Question about memory allocation
Okay so when you create an object (other than int, byte, etc) the pointer is stored in stack, and actual object is stored in heap.
You create new object and new pointer is created in stack and object itself in heap.
Now when you call a method on object lets say with two int parameters, two ints are being stored in stack along with other local variables. Then you call same method on other and other method. So in stack you have two pointers to objects, and six its because of 3 methods that were called.
When methods are done doing their job, their local variables are deleted from stack. So if two methods finished their job and 3rd one is still working, you call method on an object again where does it put local variables for called method? Above last called method variables or in free space with highest address?
Quote:
method locals are here cause method is not done yet
method call locals were here
method call locals were here
pointer2
pointer1
Or does garbage collector takes care of that and decides where to put vars?

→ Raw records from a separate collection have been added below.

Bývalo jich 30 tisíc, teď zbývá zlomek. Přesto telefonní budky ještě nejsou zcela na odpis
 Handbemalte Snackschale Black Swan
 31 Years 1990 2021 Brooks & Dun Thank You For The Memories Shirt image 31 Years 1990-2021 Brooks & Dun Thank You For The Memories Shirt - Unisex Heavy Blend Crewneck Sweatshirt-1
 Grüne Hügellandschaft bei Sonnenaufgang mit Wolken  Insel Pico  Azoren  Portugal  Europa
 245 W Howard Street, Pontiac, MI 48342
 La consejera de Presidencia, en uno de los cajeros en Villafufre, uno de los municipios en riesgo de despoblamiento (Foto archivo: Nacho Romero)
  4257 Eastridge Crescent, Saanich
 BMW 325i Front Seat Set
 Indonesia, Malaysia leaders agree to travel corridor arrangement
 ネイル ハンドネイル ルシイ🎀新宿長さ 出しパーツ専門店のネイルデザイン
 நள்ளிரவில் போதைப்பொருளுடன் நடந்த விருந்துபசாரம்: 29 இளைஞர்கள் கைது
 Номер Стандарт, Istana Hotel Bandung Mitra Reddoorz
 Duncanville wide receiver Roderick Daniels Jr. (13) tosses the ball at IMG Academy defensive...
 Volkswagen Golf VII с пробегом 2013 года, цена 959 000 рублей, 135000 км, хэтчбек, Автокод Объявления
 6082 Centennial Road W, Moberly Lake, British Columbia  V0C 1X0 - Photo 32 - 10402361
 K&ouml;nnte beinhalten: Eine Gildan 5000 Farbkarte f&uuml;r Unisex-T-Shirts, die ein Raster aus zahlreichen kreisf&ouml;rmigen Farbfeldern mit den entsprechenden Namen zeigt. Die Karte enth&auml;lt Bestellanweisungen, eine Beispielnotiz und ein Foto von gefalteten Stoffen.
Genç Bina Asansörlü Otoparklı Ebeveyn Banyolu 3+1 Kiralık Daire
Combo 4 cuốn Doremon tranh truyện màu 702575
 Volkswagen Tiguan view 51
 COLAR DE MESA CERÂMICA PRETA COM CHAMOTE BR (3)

P.S. This isn't related to any specific language but more to managed languages overall
Re: Question about memory allocation
You're talking about multithreading? In single thread it would be done all 1 after the other, so it would be method call 1 start then end then method call 2 start then end
there's no "finish while the other is still working" in single thread
I think I don't understand 100% What you're trying to say
Re: Question about memory allocation
Quote:
Originally Posted by
Jolin88
You're talking about multithreading? In single thread it would be done all 1 after the other, so it would be method call 1 start then end then method call 2 start then end
there's no "finish while the other is still working" in single thread
I think I don't understand 100% What you're trying to say
Yes, I was talking about multithreaded application. Should of mentioned that before.